Imaginemos por un momento que todas esas copias digitales de nuestra vida —desde lo mundano hasta lo profundamente personal— desaparecieran de un instante a otro. ¿Qué quedaría de nuestras memorias? ¿Hasta qué punto estamos preparados para un colapso digital, cuando hemos llegado a depender de este mundo intangible para recordar, organizar, compartir y hasta definir quiénes somos? Nos hemos vuelto tan digitales que el mundo físico, con su permanencia y solidez, ha empezado a sentirse menos esencial.
La posibilidad de un "gran borrado de datos", en el que toda nuestra memoria digital se esfuma, nos confronta con la fragilidad de esta nueva realidad. ¿Cómo sería descubrir que nuestro celular está vacío, que las nubes y correos han desaparecido, y que todas nuestras fotos, mensajes y archivos han sido borrados? No sólo perderíamos recuerdos personales y contactos esenciales, sino también la historia colectiva de una época: momentos compartidos, movimientos sociales, conversaciones culturales y registros de toda una generación.
Hemos pasado de ser guardianes de nuestra memoria física a depositar nuestra confianza en una infraestructura digital que, aunque poderosa, no está exenta de vulnerabilidades. En un mundo donde dependemos tanto de lo digital, un "gran borrado" sería devastador: perderíamos una parte significativa de nuestra identidad, construida y compartida en estos espacios virtuales. De hecho, la reciente caída global de los sistemas de Microsoft fue un primer aviso de lo que podría significar este desplome de la memoria colectiva.
¿Estamos preparados para la posibilidad de olvidar colectivamente? La cuestión va más allá de los recuerdos perdidos; también nos lleva a cuestionarnos si seríamos capaces de reconstruirnos en ausencia de esa memoria digital. Como un viajero que pierde su mapa en medio de un recorrido, quedaríamos en la necesidad de reorientarnos, de reinventar nuestras historias. Y en ese proceso, quizás tendríamos que redescubrir nuestra capacidad para recordar sin intermediarios, volviendo a lo tangible y reencontrándonos con las memorias que viven en nosotros.

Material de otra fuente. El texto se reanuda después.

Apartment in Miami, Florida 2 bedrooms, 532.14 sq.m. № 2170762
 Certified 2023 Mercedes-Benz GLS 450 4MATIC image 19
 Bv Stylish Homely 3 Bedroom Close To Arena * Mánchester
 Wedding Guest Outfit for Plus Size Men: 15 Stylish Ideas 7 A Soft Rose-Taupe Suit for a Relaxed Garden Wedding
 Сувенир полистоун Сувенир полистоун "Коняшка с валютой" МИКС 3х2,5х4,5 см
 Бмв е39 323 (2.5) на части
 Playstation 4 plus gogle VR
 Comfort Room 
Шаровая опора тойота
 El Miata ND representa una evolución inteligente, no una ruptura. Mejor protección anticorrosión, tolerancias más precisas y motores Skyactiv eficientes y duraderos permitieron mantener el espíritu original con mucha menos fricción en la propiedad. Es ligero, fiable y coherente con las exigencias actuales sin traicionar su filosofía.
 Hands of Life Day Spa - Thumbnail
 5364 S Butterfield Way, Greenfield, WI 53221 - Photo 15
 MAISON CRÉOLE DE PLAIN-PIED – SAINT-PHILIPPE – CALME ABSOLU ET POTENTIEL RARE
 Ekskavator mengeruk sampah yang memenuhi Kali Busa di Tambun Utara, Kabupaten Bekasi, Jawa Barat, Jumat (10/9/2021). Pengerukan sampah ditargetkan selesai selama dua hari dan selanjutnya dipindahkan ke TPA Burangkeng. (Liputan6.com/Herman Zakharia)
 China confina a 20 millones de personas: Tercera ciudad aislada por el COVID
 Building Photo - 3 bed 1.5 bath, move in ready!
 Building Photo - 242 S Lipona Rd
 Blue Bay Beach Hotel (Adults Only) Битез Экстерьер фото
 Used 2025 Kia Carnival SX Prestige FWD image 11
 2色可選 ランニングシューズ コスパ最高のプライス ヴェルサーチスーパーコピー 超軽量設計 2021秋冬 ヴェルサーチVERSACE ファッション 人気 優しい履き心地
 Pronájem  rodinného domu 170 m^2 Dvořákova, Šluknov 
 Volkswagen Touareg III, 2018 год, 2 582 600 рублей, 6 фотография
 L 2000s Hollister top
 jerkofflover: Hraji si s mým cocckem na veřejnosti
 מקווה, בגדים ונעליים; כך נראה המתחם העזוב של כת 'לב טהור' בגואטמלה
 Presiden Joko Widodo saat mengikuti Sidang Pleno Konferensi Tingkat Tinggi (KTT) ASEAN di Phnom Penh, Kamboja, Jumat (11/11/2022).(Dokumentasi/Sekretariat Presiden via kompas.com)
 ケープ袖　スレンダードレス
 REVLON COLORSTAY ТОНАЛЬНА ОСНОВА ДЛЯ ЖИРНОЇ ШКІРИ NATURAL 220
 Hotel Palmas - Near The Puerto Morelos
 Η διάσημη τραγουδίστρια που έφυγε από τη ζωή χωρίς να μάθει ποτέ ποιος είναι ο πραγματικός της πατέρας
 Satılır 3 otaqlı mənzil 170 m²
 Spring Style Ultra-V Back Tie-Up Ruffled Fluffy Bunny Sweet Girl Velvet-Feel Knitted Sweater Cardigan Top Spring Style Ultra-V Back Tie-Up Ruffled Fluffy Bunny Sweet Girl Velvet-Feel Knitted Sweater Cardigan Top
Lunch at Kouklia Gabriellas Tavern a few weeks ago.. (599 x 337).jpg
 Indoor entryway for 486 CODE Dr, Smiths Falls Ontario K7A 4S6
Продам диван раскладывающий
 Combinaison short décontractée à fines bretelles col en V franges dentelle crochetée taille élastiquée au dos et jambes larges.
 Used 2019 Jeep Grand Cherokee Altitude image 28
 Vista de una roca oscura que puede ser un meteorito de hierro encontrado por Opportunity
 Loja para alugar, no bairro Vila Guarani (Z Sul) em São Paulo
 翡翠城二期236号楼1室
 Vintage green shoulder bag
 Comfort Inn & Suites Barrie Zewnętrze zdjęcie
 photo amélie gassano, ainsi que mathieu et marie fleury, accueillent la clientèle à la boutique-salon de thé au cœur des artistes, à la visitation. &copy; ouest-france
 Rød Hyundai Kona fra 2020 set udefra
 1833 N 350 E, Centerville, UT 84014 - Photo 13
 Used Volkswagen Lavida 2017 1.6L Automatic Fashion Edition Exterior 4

La paradoja de este viaje moderno en el tiempo es que, aunque creamos estar avanzando hacia el futuro, esa dependencia de lo digital nos hace vulnerables. Nos lleva a preguntarnos si, después de haber transitado por tantas transformaciones, sabríamos volver a habitar nuestro propio mundo físico.
Esta inquietud recuerda al célebre Funes el memorioso de Jorge Luis Borges, que narra la historia de un hombre capaz de recordar cada detalle de su vida con precisión absoluta. Sin embargo, esa memoria perfecta, lejos de ser un don, se convierte en una carga insoportable. De modo similar, nuestra dependencia de la memoria digital es tan intensa que perderla sería como perder una extensión de nuestra propia identidad. Y entonces surge la pregunta: ¿qué significaría el olvido en un mundo donde lo digital reemplaza, cada vez más, a la memoria humana?
Para quienes deseen profundizar en el tema de la memoria y su relación con la identidad y el olvido, les invito a explorar la historia de Funes el memorioso de Borges, una reflexión única que nos confronta con lo que significa recordar… y también, lo que significa olvidar.